RAW DATA:
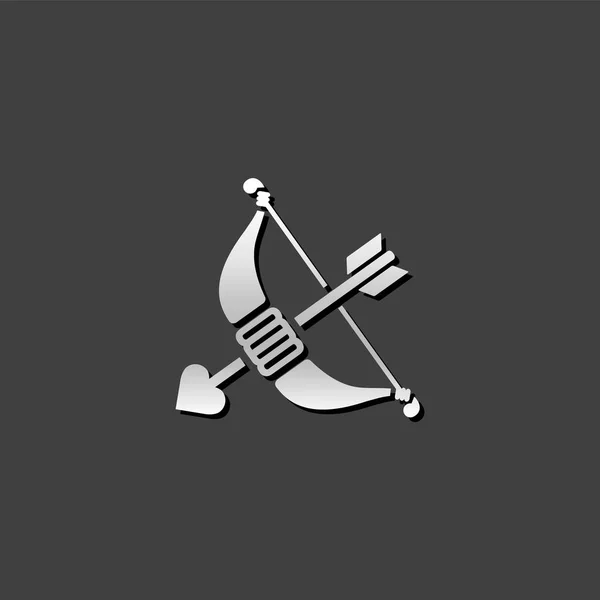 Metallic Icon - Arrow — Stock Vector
---
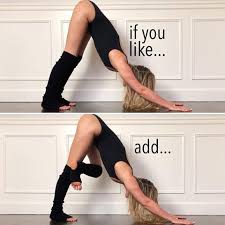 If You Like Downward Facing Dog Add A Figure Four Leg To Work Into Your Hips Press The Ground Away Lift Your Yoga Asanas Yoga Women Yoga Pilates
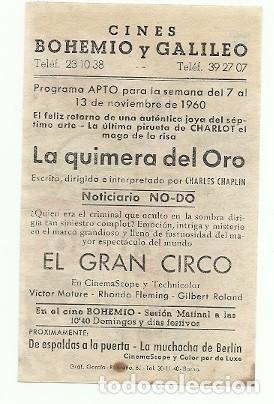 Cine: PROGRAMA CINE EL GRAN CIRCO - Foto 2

WHAT TO WORK ON: Reproduce exactly the lines of the data above that run from the line with "If You Like" down to the line with "Cine: PROGRAMA CINE EL GRAN CIRCO - Foto 2", both ends included. Pictures do not belong in the copy.

OUTPUT OF THE EXERCISE:
 If You Like Downward Facing Dog Add A Figure Four Leg To Work Into Your Hips Press The Ground Away Lift Your Yoga Asanas Yoga Women Yoga Pilates
 Cine: PROGRAMA CINE EL GRAN CIRCO - Foto 2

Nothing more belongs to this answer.